A very good introductory tutorial on parsing in general is Let's Build a Compiler - it demonstrates how to build a recursive descent parser; and the concepts are easily translated from his language (I think it was Pascal) to C# for any competent developer. This will teach you how a recursive descent parser works, but it is completely impractical to write a full programming language parser by hand.

You should look into some tools to generate the code for you - if you are determined to write a classical recursive descent parser (TinyPG, Coco/R, Irony). Keep in mind that there are other ways to write parsers now, that usually perform better - and have easier definitions (e.g. TDOP parsing or Monadic Parsing).

On the topic of whether C# is up for the task - C# has some of the best text libraries out there. A lot of the parsers today (in other languages) have an obscene amount of code to deal with Unicode etc. I won't comment too much on JITted code because it can get quite religious - however you should be just fine. IronJS is a good example of a parser/runtime on the CLR (even though its written in F#) and its performance is just shy of Google V8.

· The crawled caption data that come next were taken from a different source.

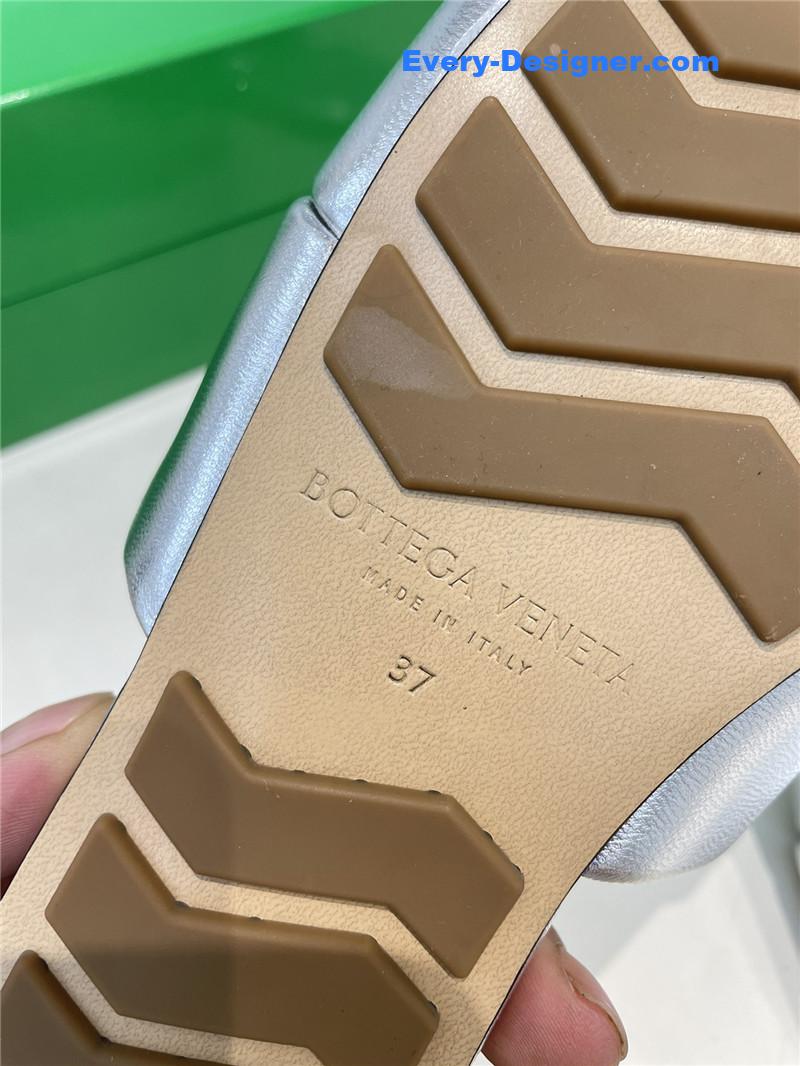 b0tt*ga Ven*ta patch slides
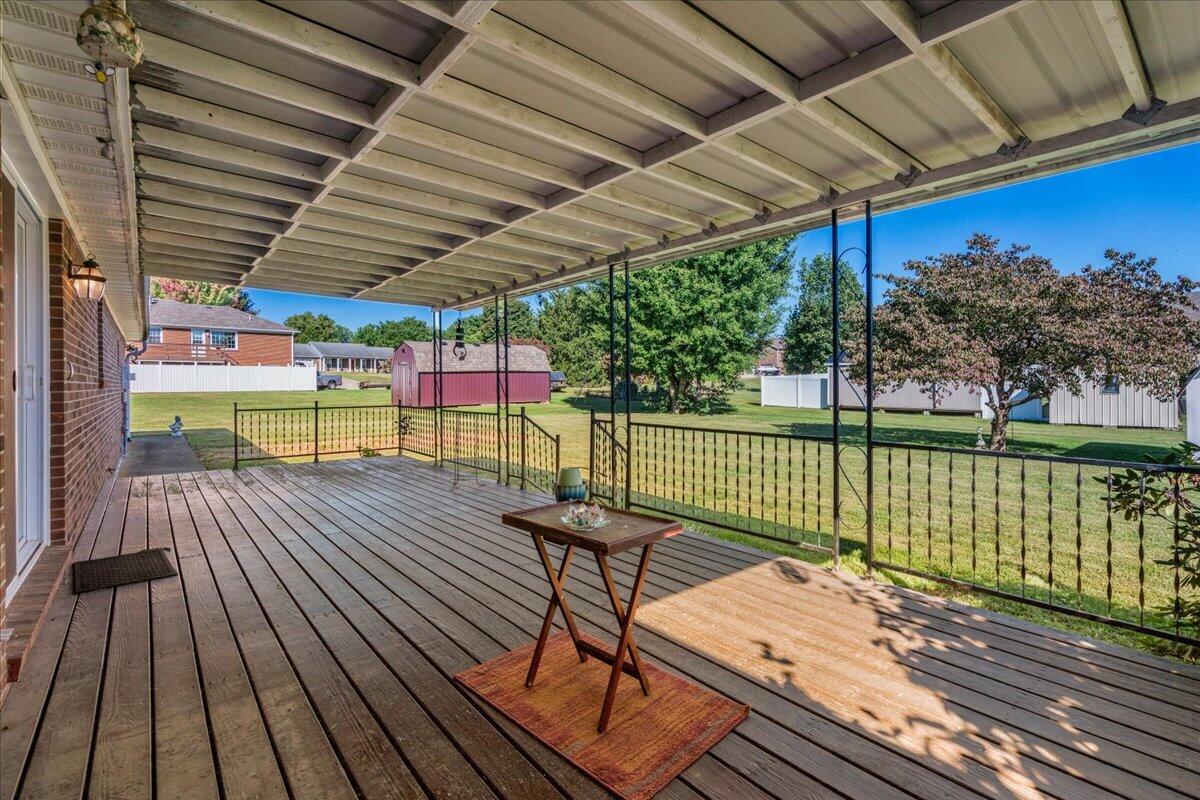 135 Hidden Valley Road Danville, KY 40422 - Photo 3 of 34 37-IVA09795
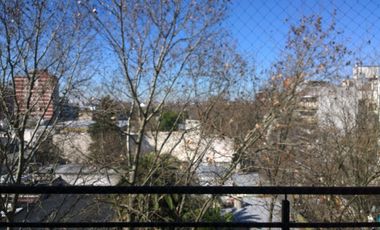 Departamento 2 amb. al frente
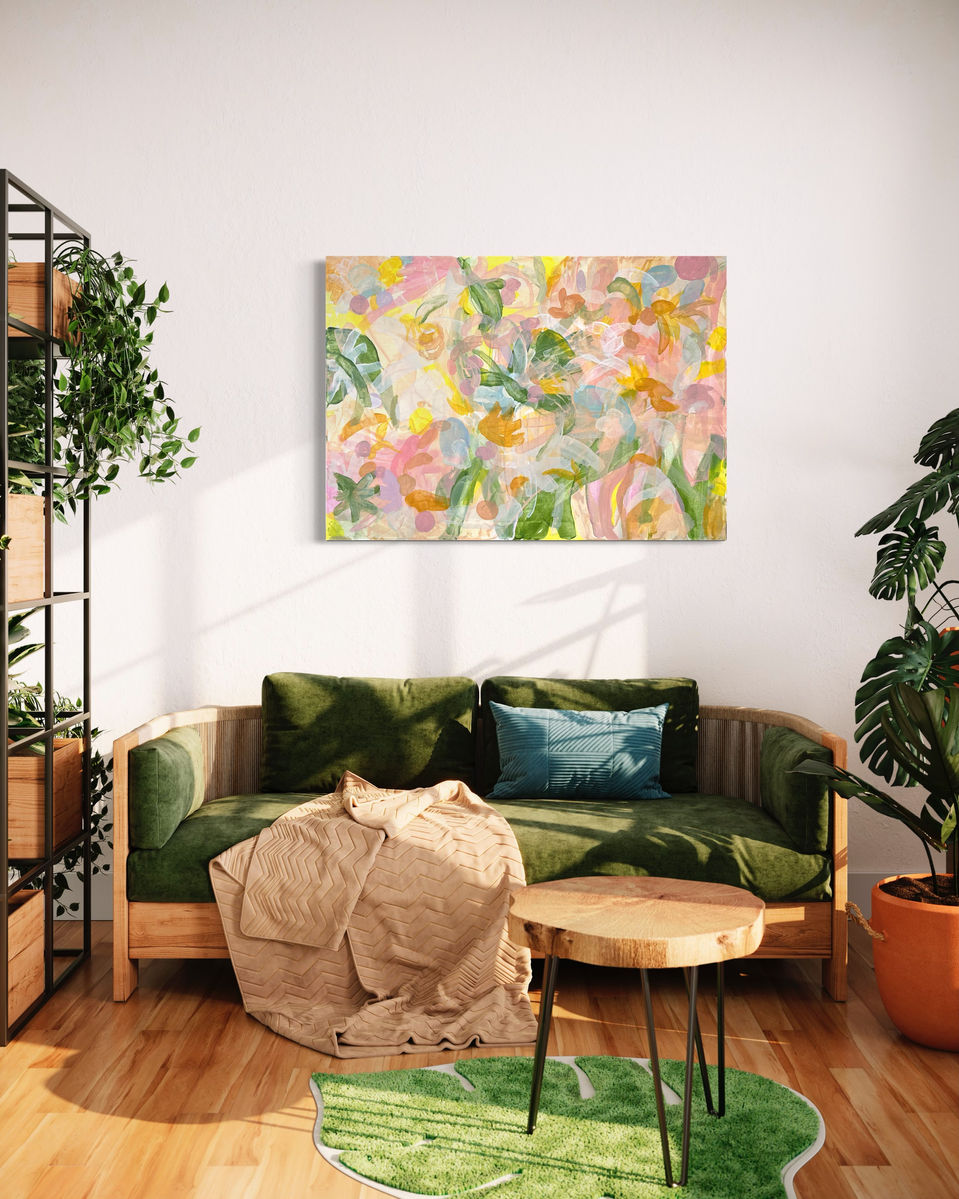Pintura abstracta que aporta alegría y frescura al salón de una casa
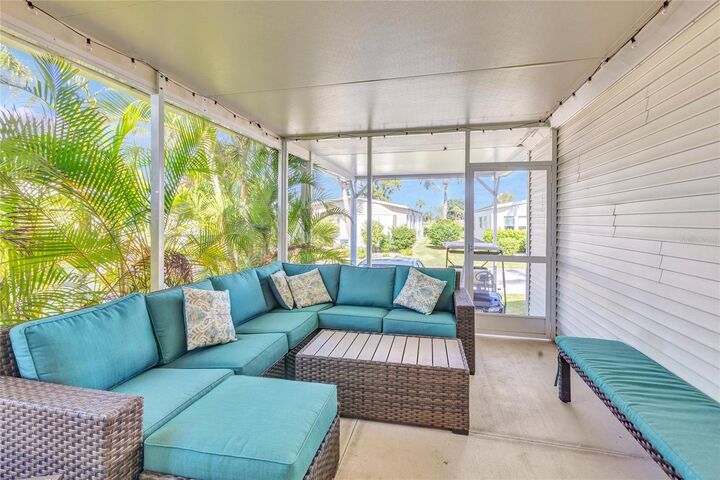 Property Photo: 2100 Kings Highway 1025 FL 33980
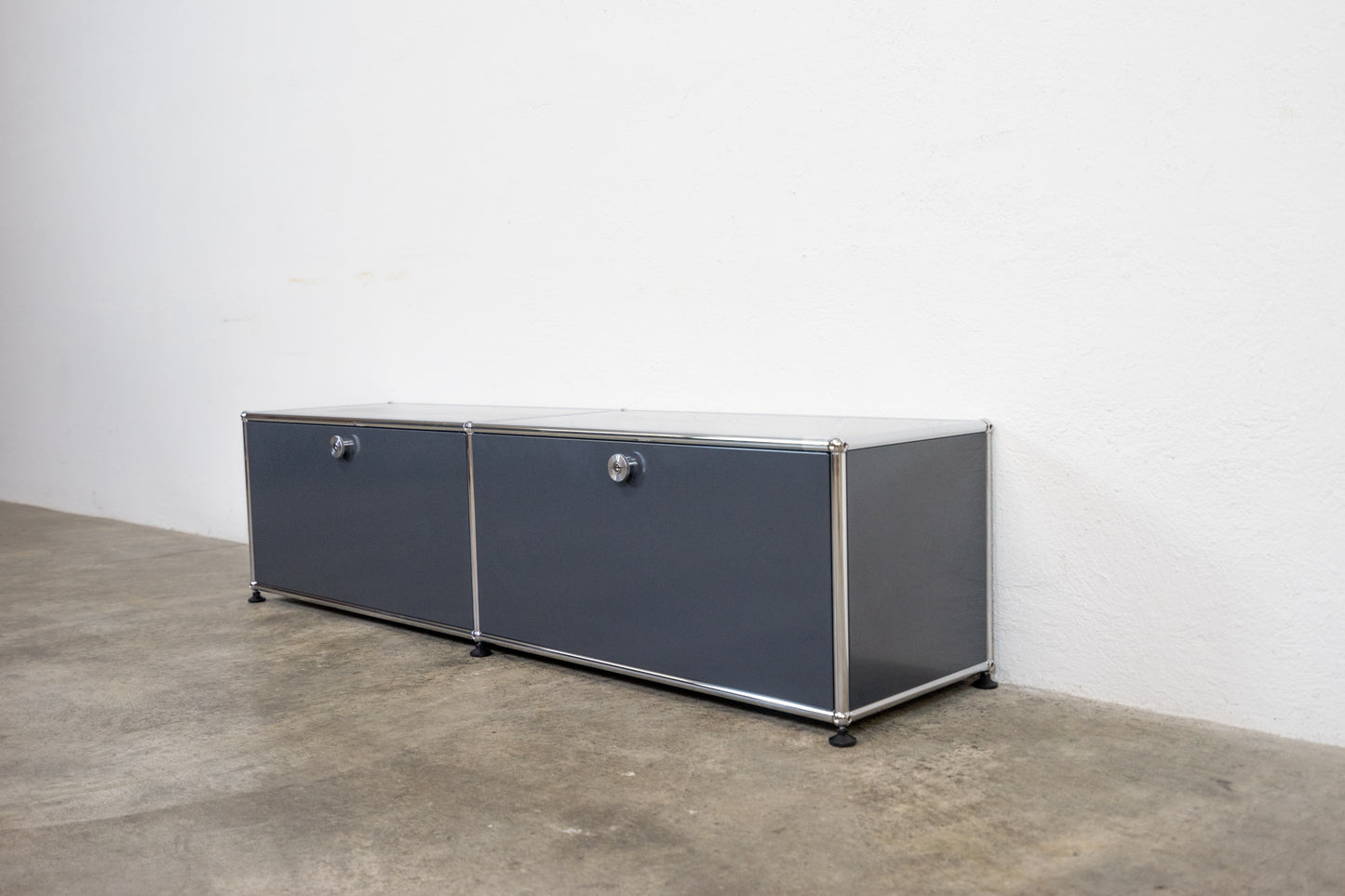 USM Haller Lowboard Anthrazitgrau Nr. 13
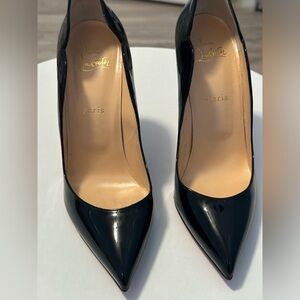 Lightly worn Christian Louboutin, hot chick 100 patent black 40.5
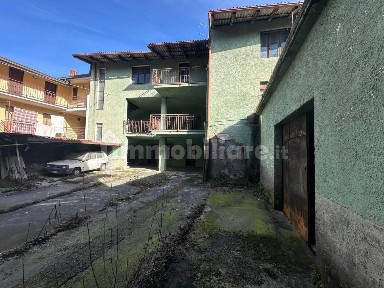 Terratetto plurifamiliare via Enrico Toti 31, Centro, Cene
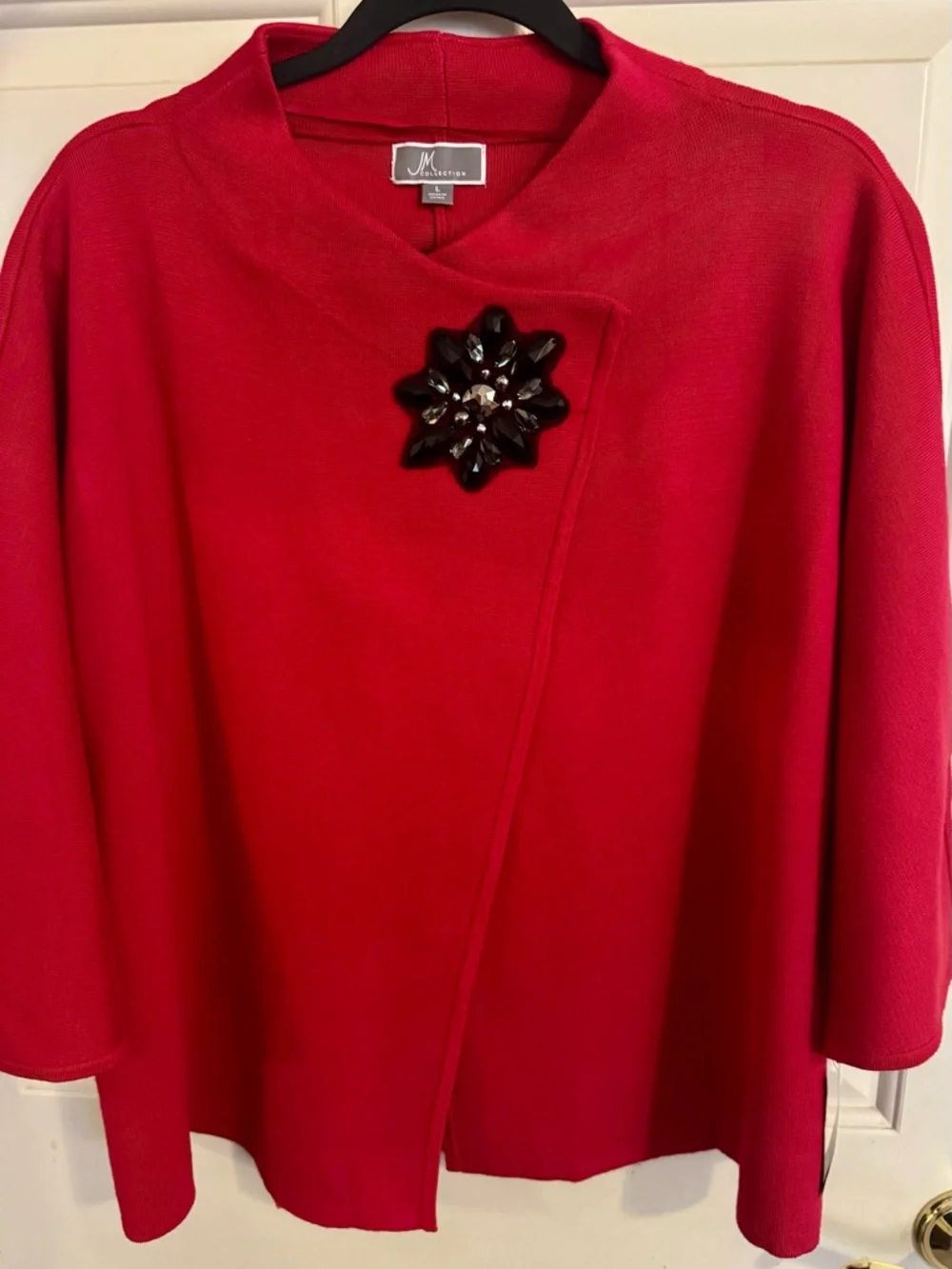 **NWT** JM Collection Red Asymmetrical Sweater Jacket & Jeweled Brooch Size - L - Picture 11 of 11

Side Note: Markup parsers are completely different beasts when compared to language parsers - they are, in the majority of the cases, written by hand - and at the scanner/parser level very simple; they are not usually recursive descent - and especially in the case of XML it is better if you don't write a recursive descent parser (to avoid stack overflows, and because a 'flat' parser can be used in SAX/push mode).